(Task brief): Pictures must not appear in the copy. Reproduce exactly, and only, the lines from the one with "Superyachts and Wines on the Italian Riviera" through the end of the data below.

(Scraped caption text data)
========

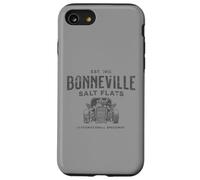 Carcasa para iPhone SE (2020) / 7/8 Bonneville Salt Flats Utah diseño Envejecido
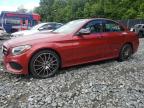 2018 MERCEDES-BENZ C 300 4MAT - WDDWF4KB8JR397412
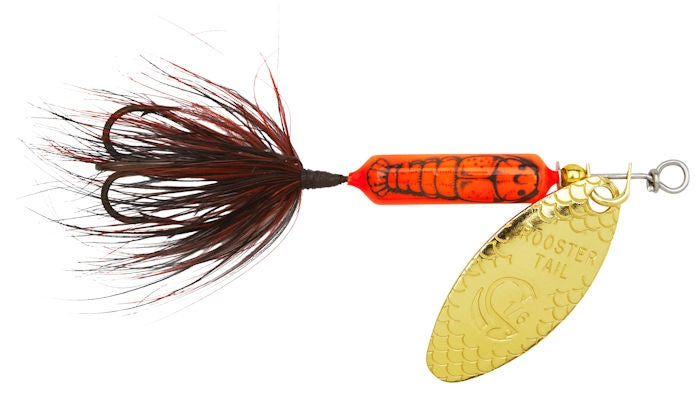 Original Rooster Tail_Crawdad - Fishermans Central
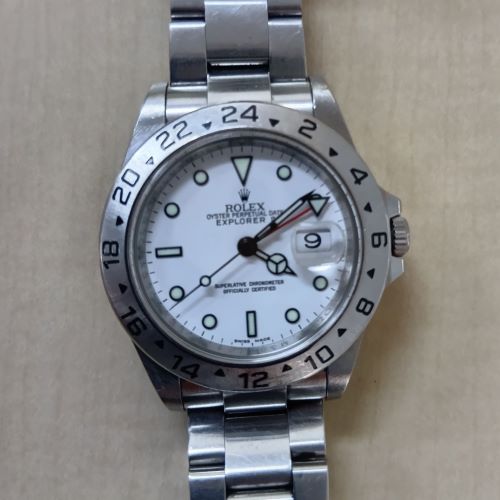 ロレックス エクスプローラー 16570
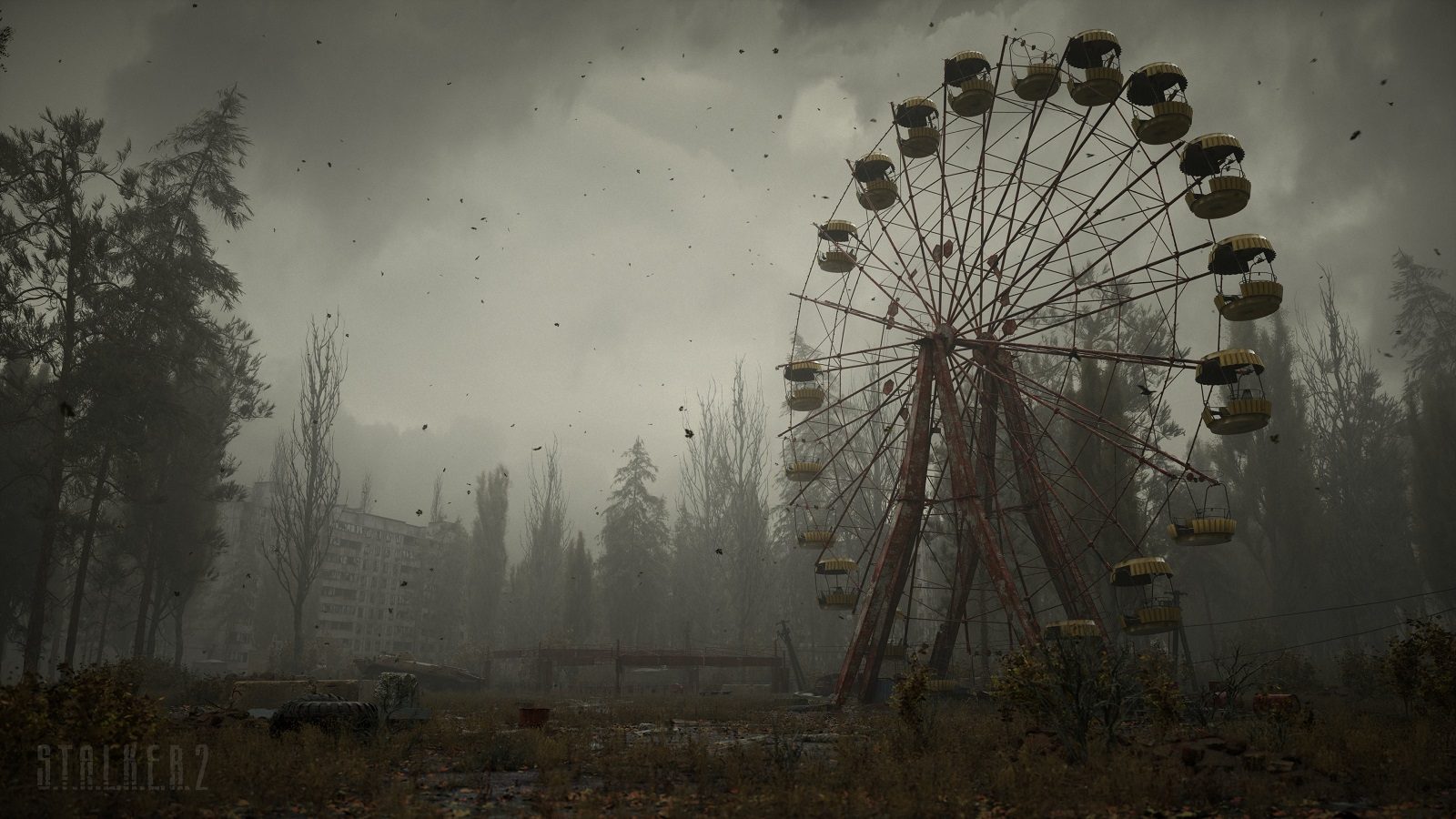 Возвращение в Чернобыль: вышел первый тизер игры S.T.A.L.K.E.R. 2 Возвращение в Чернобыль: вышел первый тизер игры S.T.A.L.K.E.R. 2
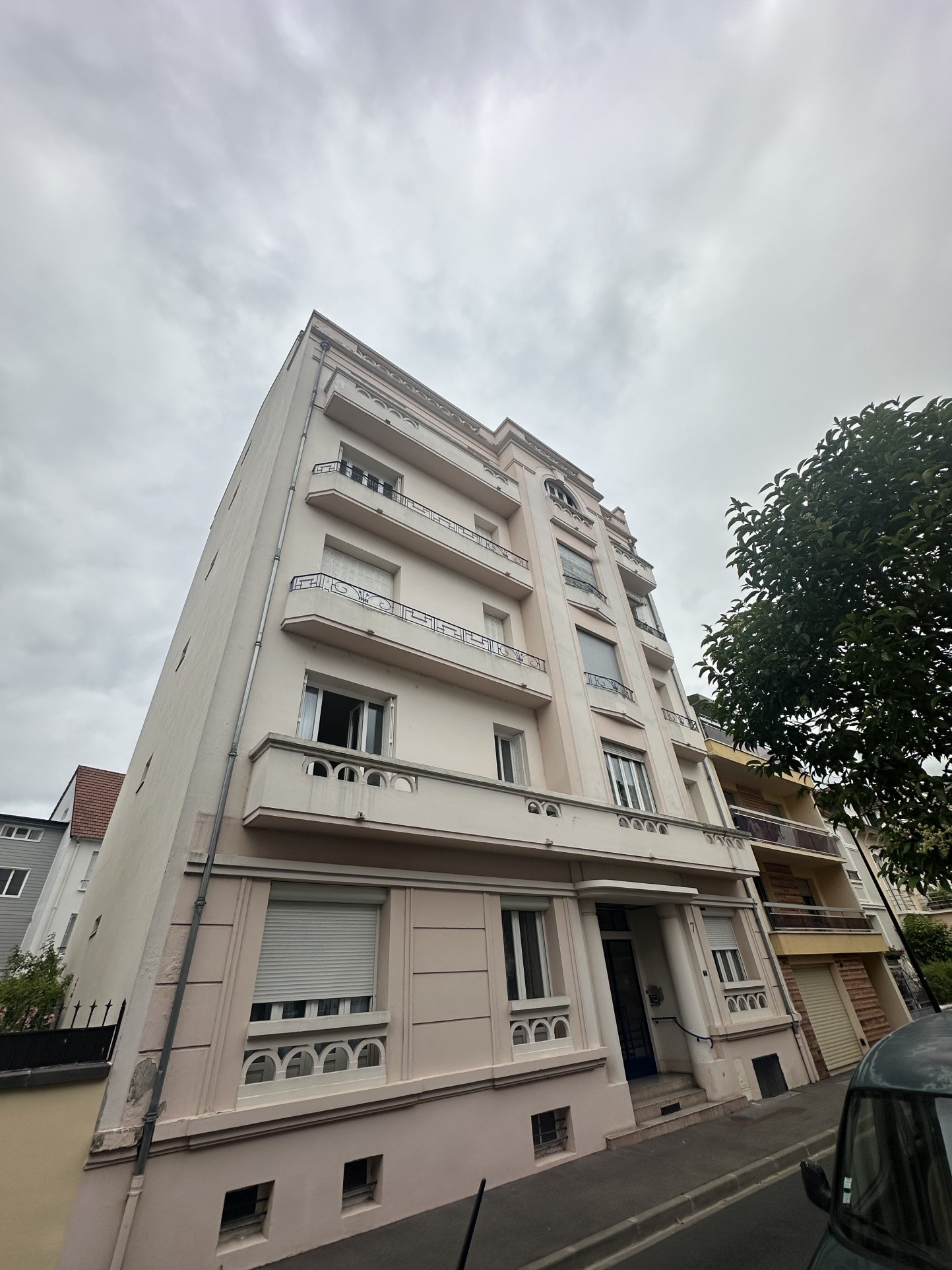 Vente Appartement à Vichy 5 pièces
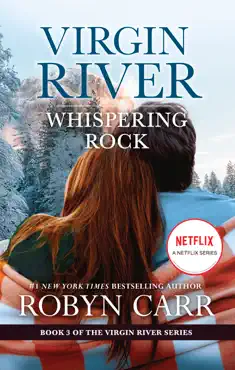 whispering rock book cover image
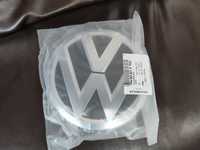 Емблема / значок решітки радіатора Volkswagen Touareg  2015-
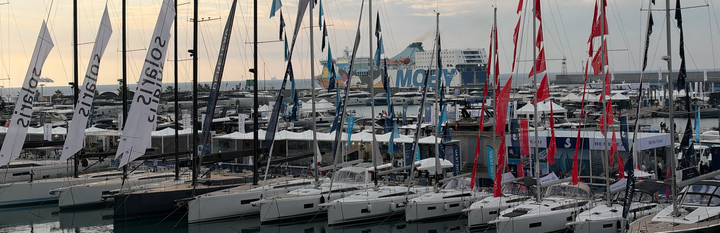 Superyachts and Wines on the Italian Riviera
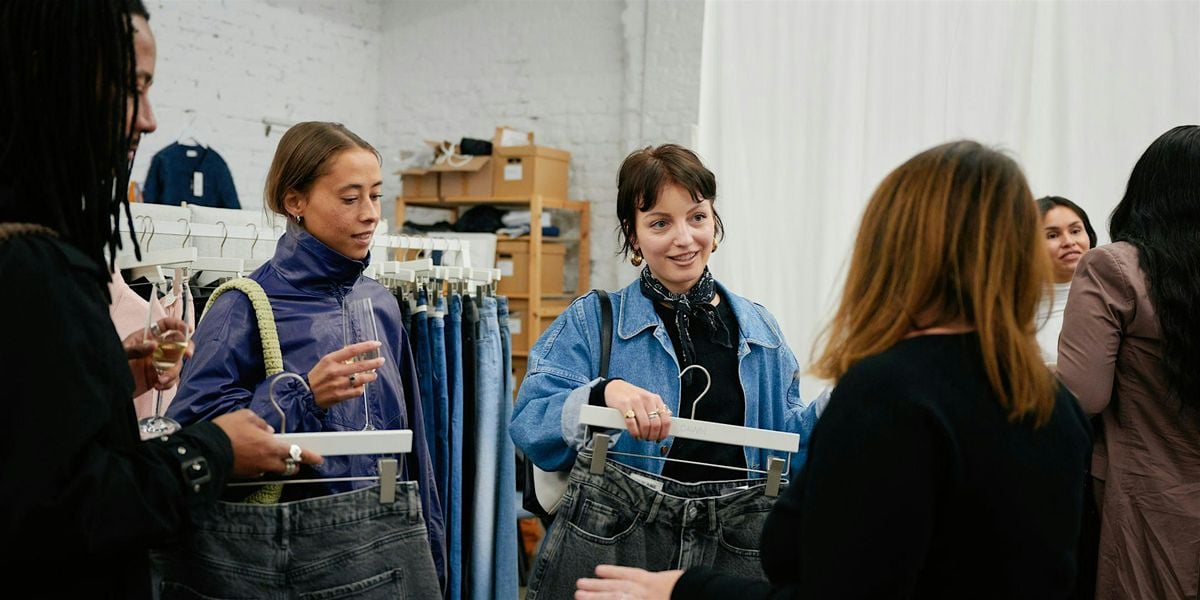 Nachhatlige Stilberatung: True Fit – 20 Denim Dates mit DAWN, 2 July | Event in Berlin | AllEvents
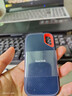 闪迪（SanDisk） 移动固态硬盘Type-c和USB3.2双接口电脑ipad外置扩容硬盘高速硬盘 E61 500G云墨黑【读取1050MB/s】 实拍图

========

(Task solution):
 Superyachts and Wines on the Italian Riviera
 Nachhatlige Stilberatung: True Fit – 20 Denim Dates mit DAWN, 2 July | Event in Berlin | AllEvents
 闪迪（SanDisk） 移动固态硬盘Type-c和USB3.2双接口电脑ipad外置扩容硬盘高速硬盘 E61 500G云墨黑【读取1050MB/s】 实拍图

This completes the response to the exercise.